Discs 1 and 2 are from Antibes, July 25-26, 1969. On the 25th, "Directions" is fast and furious, leading to a "Miles Runs the Voodoo Down," with DeJohnette's frenzied drumming pushing the band. "Milestones" is next, with Corea's soloing ranging from straightahead to avant-garde. After Shorter's "Footprints," Monk's "'Round Midnight" takes the ensemble and audience back to 1956 in song selection, but not performance style, as it builds in tempo and intensity to workouts by Shorter and Corea, before Miles' trumpet cuts through clear and clean, and leads the band into the then-recent "It's About that Time," Shorter's soprano solo turning serpentine. Trumpet and tenor intertwine on a fairly brief "Sanctuary," before the concert ends with a 53-second "The Theme." The following night, only a few songs are repeated. This time, "Directions" achieves frantic liftoff, which Miles modulates into "Spanish Key" and then into a version of "I Fall in Love Too Easily" that sounds more spooky than balladic. All of a sudden, Miles turns the corner into a raging version of Shorter's "Masqualero," then reprising "Voodoo," Shorter's soprano soaring, Corea and Holland engaging in a freeform duet, with Miles ultimately reining it in and moving into a swinging "No Blues." Shorter's "Nefertiti" and "Sanctuary" follow, before an almost perfunctory "The Theme" closes it out.
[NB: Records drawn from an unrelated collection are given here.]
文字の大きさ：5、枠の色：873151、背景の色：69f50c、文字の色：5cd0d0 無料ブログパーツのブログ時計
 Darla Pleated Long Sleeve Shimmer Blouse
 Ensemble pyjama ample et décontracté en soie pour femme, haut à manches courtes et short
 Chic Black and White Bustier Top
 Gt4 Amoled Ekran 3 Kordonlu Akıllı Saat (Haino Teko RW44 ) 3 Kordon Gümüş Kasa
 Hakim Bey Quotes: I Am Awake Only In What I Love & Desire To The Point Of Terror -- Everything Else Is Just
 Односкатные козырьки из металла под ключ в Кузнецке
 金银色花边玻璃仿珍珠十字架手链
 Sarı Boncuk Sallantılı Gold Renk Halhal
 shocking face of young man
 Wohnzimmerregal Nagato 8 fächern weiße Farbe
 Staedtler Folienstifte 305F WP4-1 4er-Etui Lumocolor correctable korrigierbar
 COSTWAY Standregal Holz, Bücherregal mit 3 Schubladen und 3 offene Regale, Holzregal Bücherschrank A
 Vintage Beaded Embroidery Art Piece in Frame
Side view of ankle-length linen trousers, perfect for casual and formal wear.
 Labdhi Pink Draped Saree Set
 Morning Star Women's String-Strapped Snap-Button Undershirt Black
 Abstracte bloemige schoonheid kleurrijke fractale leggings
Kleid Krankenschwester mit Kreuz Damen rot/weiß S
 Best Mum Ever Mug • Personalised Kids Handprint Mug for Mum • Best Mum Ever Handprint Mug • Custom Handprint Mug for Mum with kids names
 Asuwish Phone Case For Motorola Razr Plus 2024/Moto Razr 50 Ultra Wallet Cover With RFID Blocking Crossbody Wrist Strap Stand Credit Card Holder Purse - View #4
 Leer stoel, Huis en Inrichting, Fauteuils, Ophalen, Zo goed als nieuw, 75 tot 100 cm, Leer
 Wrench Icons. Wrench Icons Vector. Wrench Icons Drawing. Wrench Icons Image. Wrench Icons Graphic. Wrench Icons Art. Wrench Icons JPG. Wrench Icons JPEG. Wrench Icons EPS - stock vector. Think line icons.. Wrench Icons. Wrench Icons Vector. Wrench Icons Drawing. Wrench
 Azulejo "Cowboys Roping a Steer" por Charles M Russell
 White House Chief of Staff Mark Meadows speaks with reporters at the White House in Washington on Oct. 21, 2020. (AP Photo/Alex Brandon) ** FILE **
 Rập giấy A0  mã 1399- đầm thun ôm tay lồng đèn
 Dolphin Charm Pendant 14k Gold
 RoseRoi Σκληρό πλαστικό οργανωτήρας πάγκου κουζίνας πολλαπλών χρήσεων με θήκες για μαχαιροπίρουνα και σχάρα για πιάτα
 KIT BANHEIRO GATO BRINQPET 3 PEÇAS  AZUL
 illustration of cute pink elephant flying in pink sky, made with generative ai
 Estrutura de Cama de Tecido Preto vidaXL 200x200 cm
Following the summer European engagements, an expanded version of the band recorded the groundbreaking Bitches Brew. The quintet came back to Europe in the fall, and two sets from November comprise the final CD and the DVD. On November 5, in Stockholm, Corea is heard primarily on acoustic piano, lending a different flavor to the music. This night's version of "Nefertiti" recalls the "free bop" of the Hancock-Carter-Williams era which preceded this "lost quintet." In Berlin, a slightly tamer "Directions" begins, moving into "Bitches Brew" with trumpet and sax giving way to a free keys and bass conversation. A particularly intense "It's About that Time" gives new insight into this piece, originally found on In a Silent Way. This time, it moves into a lovely version of "I Fall in Love Too Easily" featuring just piano and trumpet; this in turn subtly transitions into "Sanctuary" before a 10-second "The Theme" closes the concert and the collection. The visual aspects of this performance enhance the listener's ability to watch as the leader, sometimes with only the slightest of movements, lets his band know where to head next. It also shows how each of these musicians was able to interact with one another, as well as with Miles. There are extensive liner notes by Josef Woodard which further enhance the appreciation of this remarkable set of concerts.